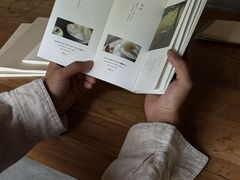 -元古雲境(太古里店)
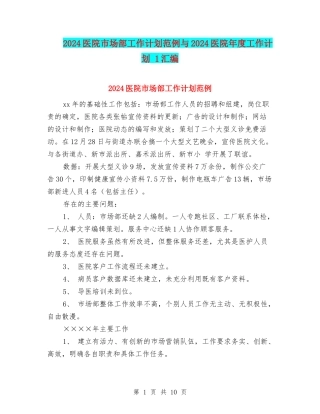 2024医院市场部工作计划范例与2024医院年度工作计划-1汇编
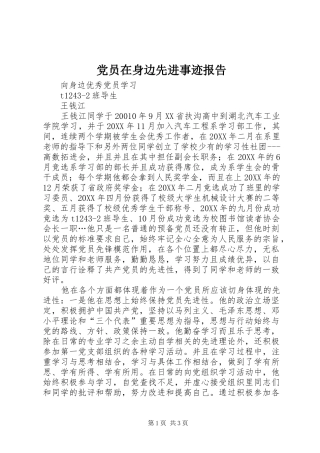 2024年党员在身边先进事迹报告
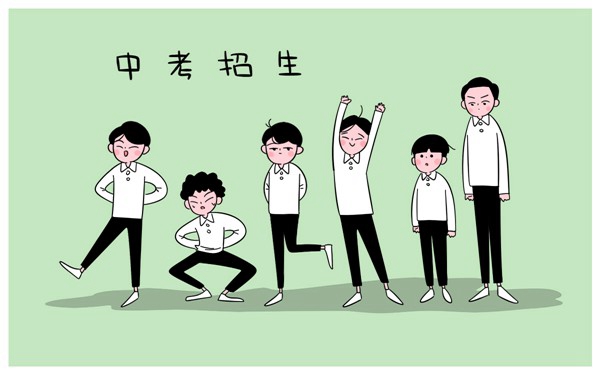 2025北京昌平职业学校开设的专业一览表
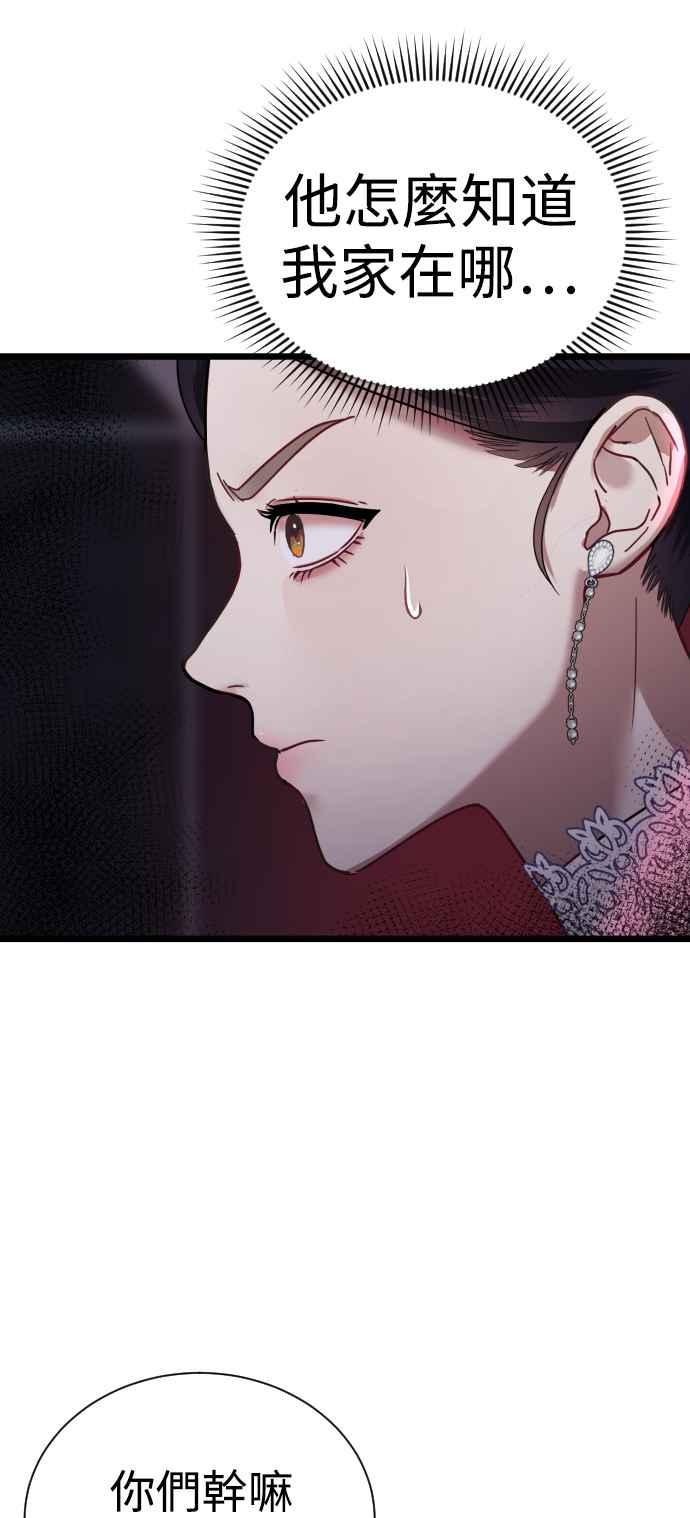 《魔性男》第16话 第33页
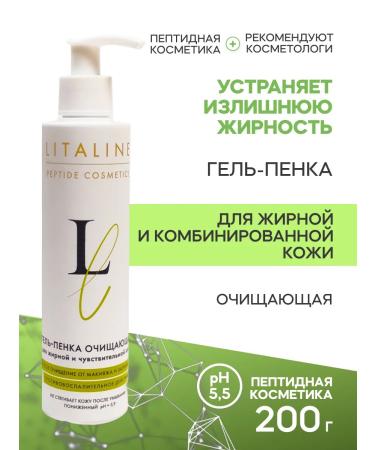 LITALINE Cleaning gel peen for oily and sensitive skin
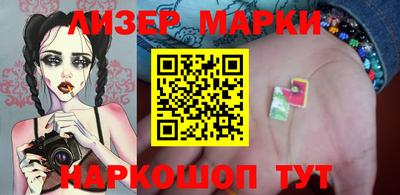 крисы Заводоуковск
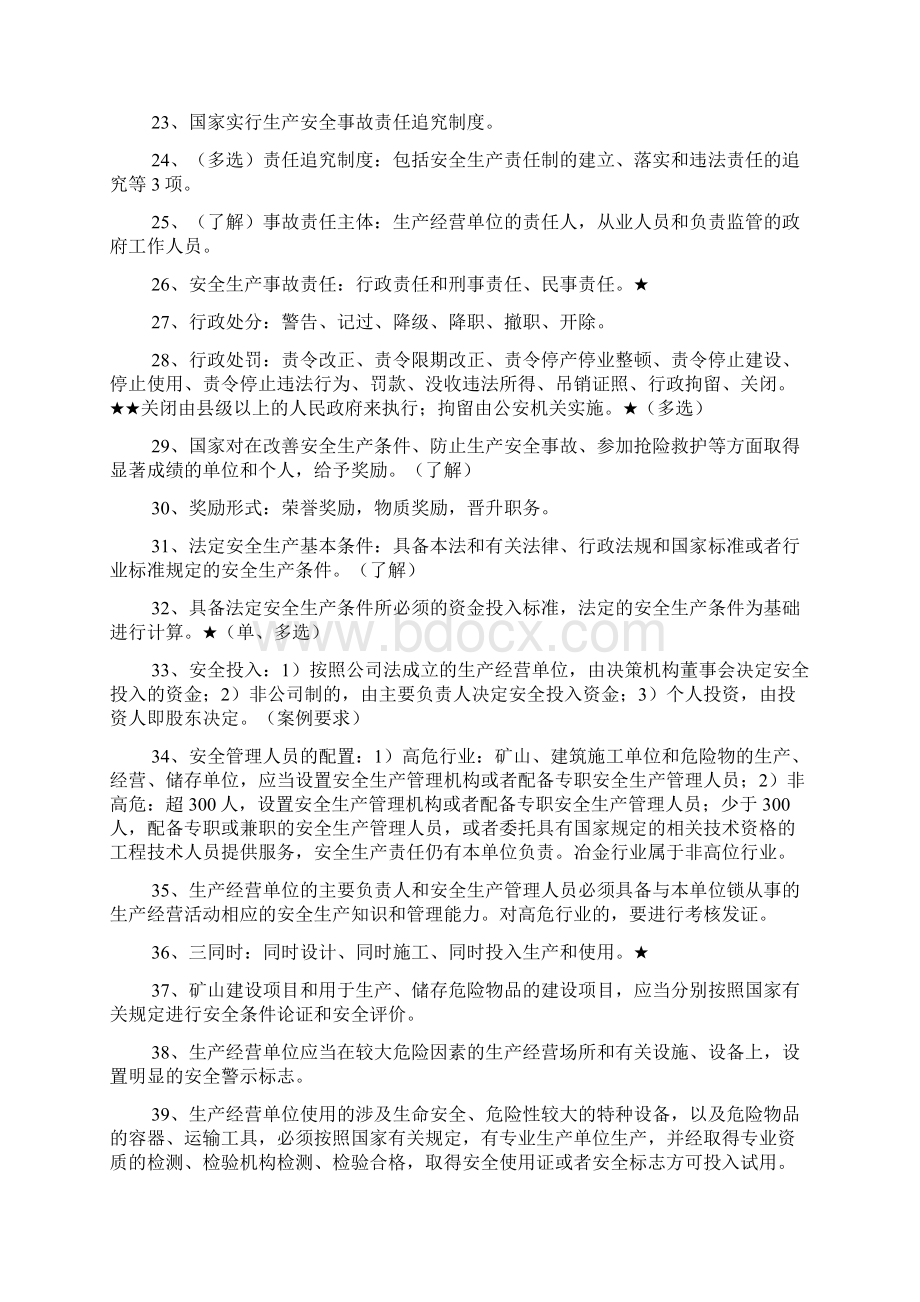 安全生产法及相关法律知识要点.docx_第3页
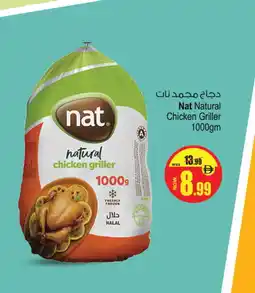 Ansar Mall NAT Frozen Whole Chicken offer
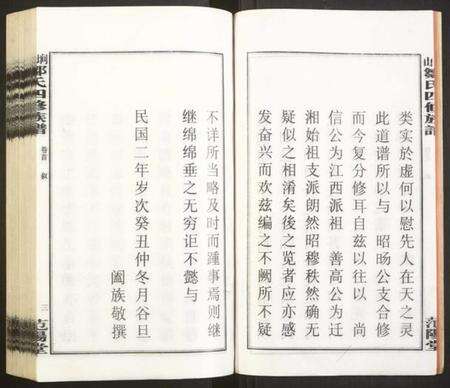 湖南邹氏族谱-墹山邹氏四修族谱 [7卷,含首1卷].pdf电子版预览图4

Your task: Skip the pictures and write out exactly the lines from the line containing "2024年党员在身边先进事迹报告" through the end of the listing above.

Reply to the task:
 2024年党员在身边先进事迹报告
 2025北京昌平职业学校开设的专业一览表
 《魔性男》第16话 第33页
 LITALINE Cleaning gel peen for oily and sensitive skin
 крисы Заводоуковск
 安全生产法及相关法律知识要点.docx_第3页
 Ansar Mall NAT Frozen Whole Chicken offer
 湖南邹氏族谱-墹山邹氏四修族谱 [7卷,含首1卷].pdf电子版预览图4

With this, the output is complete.